Records contained in a dataset:
------------------------------------------------

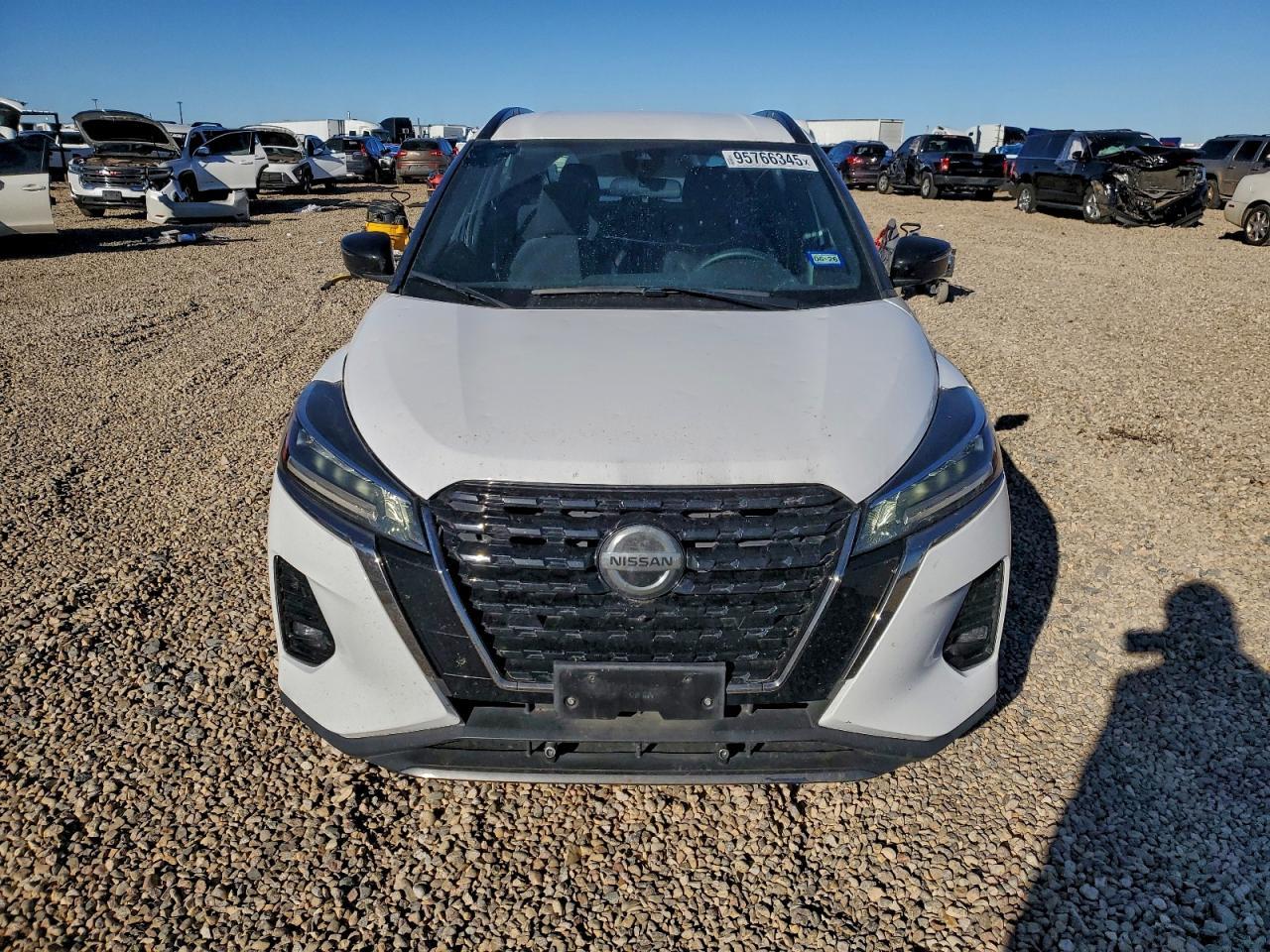 2021 Nissan Kicks Sr - Image 5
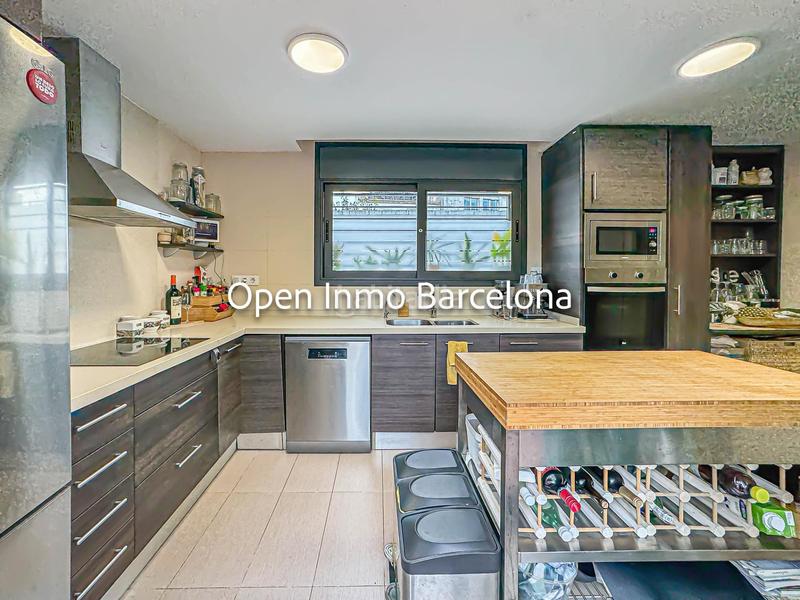 Foto 374e9cfa-257f-448a-84d1-7d6d3a39f101. Maison jumelée avec chauffage parking piscine dans Centre Sant Pere de Ribes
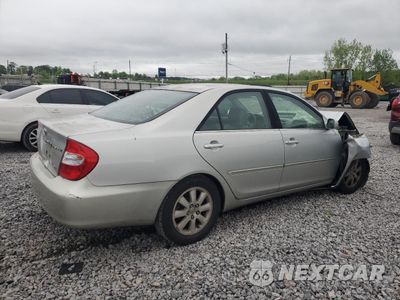 Trzecie zdjęcie samochodu z tyłu: 2003 TOYOTA CAMRY LE VIN:4T1BF30K53U552094 - miniatura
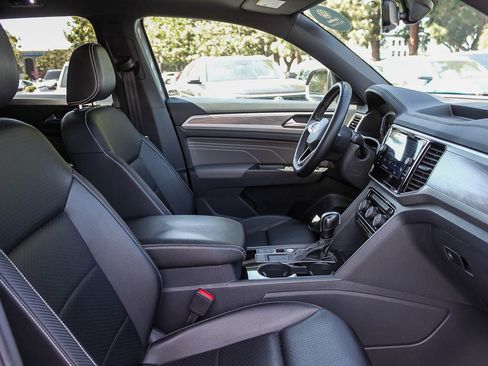 Certified 2022 Volkswagen Atlas Cross Sport SE image 15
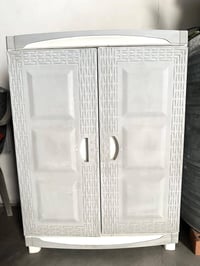 سليمانية • للبيع • خزانة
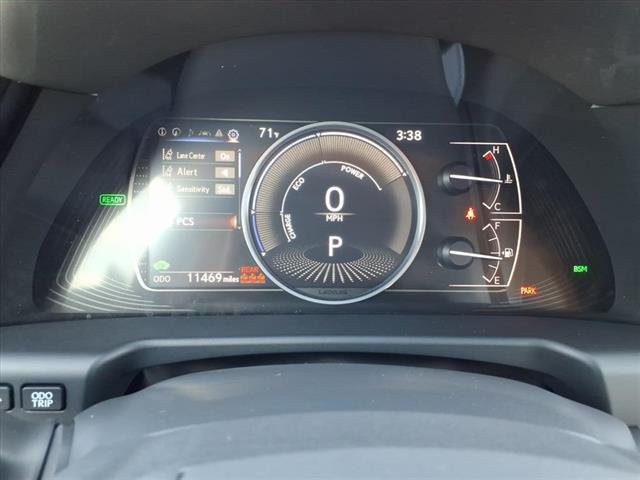 2025 Lexus ES Hybrid 300h - Photo 22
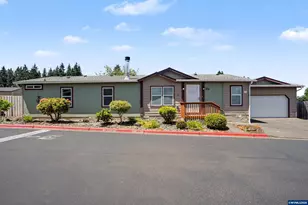 1015 Oak St, Silverton, OR 97381 - Photo 1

------------------------------------------------

> DESCRIPTION OF THE TASK: The copy should begin at the line containing "سليمانية • للبيع • خزانة" and end at the last line of the data above; please restate those lines word for word without the pictures.

> RESULT:
 سليمانية • للبيع • خزانة
 2025 Lexus ES Hybrid 300h - Photo 22
 1015 Oak St, Silverton, OR 97381 - Photo 1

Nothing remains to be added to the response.